UN Human Rights Council, 11th Session
Statement by the Delegation of the United States
Geneva, Monday, June 15, 2009
Thank you Mr. President,
The advancement of human rights and effective responses to climate change are policy priorities for the United States.
As we noted in our submission to the Office of the High Commissioner for Human Rights last fall, the United States agrees that “climate change … has implications for the full enjoyment of human rights,” although we note that there is no direct formal relationship between climate change and human rights as a legal matter. Many countries are vulnerable to climate variability, such as changes in annual rainfall, and climate change will add to that vulnerability.

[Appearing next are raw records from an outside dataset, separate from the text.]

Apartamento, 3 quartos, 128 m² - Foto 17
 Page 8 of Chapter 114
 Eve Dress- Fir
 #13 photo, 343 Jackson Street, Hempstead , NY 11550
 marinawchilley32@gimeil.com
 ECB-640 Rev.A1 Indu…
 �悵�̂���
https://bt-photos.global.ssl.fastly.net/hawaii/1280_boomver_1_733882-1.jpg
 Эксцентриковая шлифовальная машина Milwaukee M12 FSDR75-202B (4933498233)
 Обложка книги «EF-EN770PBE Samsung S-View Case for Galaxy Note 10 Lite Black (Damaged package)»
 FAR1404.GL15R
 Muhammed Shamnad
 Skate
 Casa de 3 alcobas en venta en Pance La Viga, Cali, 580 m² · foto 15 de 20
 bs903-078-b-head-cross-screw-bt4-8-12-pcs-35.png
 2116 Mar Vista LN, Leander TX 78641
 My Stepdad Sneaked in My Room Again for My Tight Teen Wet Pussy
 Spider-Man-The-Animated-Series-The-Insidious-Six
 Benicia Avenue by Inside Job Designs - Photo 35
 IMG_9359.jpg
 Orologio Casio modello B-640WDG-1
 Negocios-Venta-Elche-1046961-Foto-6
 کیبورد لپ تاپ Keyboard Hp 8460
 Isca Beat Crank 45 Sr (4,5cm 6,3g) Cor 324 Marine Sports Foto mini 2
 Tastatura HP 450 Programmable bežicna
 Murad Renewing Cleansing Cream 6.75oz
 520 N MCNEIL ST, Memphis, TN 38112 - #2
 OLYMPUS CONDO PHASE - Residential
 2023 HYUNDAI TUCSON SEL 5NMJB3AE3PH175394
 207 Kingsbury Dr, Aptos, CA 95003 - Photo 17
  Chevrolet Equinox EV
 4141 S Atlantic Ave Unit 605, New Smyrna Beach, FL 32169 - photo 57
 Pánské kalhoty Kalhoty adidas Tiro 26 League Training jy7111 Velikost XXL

Certainly, governments should be mindful of their international human rights obligations when considering any significant domestic policy initiatives, including those related to climate change; but the United States does not consider that human rights law provides an optimal framework for addressing climate change internationally. Instead, the United States believes that climate change can be more effectively addressed through traditional systems of international cooperation, including through the United Nations Framework Convention on Climate Change process. The goals of many of the U.S. Government’s development efforts – a well-educated population, a diverse and open economy, a secure and stable government – will serve countries well in efforts to achieve a low-carbon energy future and to build resilience to climate change.
The President is committed to addressing the threat of climate change through aggressive action to reduce U.S. emissions and broad engagement with countries from all regions.
The United States notes the contributions of the panelists today in contributing to our shared understanding of how climate change affects communities and individuals around the world. We acknowledge that these issues do overlap and efforts to address climate change and to advance human rights have a number of common and mutually reinforcing elements.
Notably, the United States considers that the attributes that contribute to climate solutions -good governance, transparency, and rule of law – are also essential to the promotion of democracy and human rights. In addition, vibrant civil societies, including independent nongovernmental groups and a free media, also are essential to the success of democracies, and help to bring issues, such as environmental concerns, to the forefront, and hold authorities to account to ensure that such important issues are addressed.
Thank you to the panelists and thank you, Mr. President.